» Source material
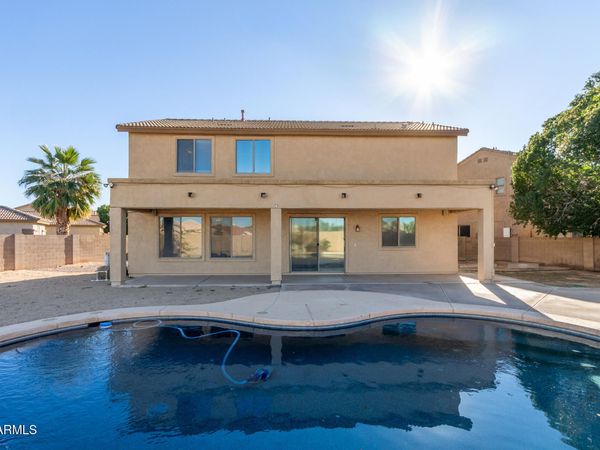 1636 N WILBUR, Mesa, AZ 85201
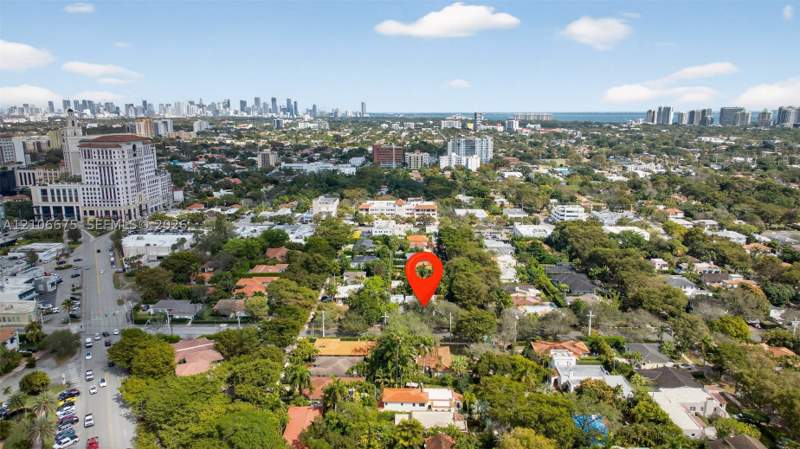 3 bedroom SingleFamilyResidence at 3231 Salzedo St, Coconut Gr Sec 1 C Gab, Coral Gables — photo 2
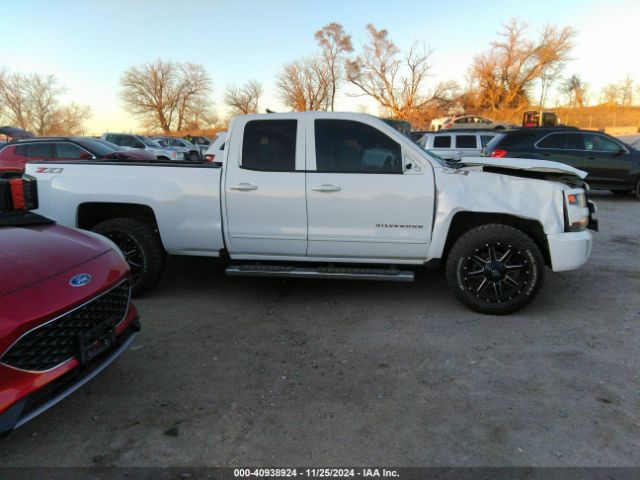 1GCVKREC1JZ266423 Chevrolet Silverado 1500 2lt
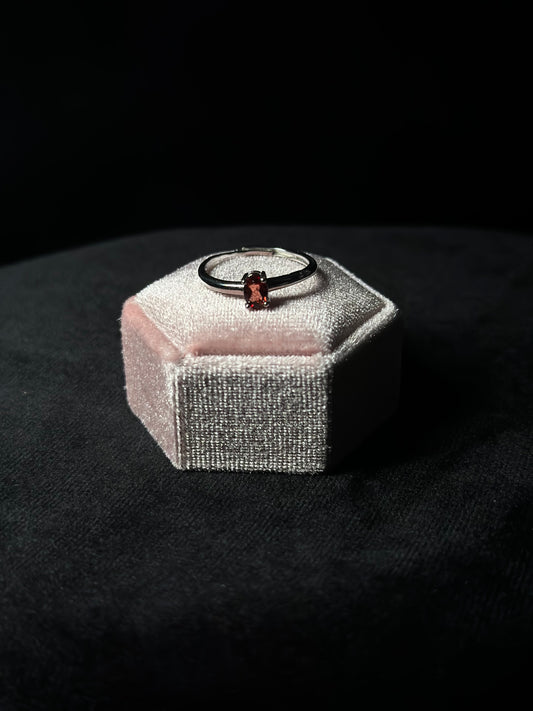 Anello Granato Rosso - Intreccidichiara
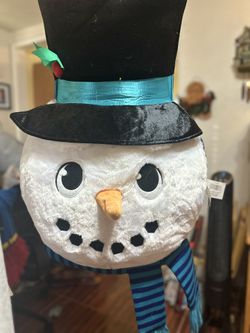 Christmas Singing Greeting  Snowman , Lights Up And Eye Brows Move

» What you will do
Omit every picture, then reproduce the rest of the listing exactly.

» Written solution
 1636 N WILBUR, Mesa, AZ 85201
 3 bedroom SingleFamilyResidence at 3231 Salzedo St, Coconut Gr Sec 1 C Gab, Coral Gables — photo 2
 1GCVKREC1JZ266423 Chevrolet Silverado 1500 2lt
 Anello Granato Rosso - Intreccidichiara
 Christmas Singing Greeting  Snowman , Lights Up And Eye Brows Move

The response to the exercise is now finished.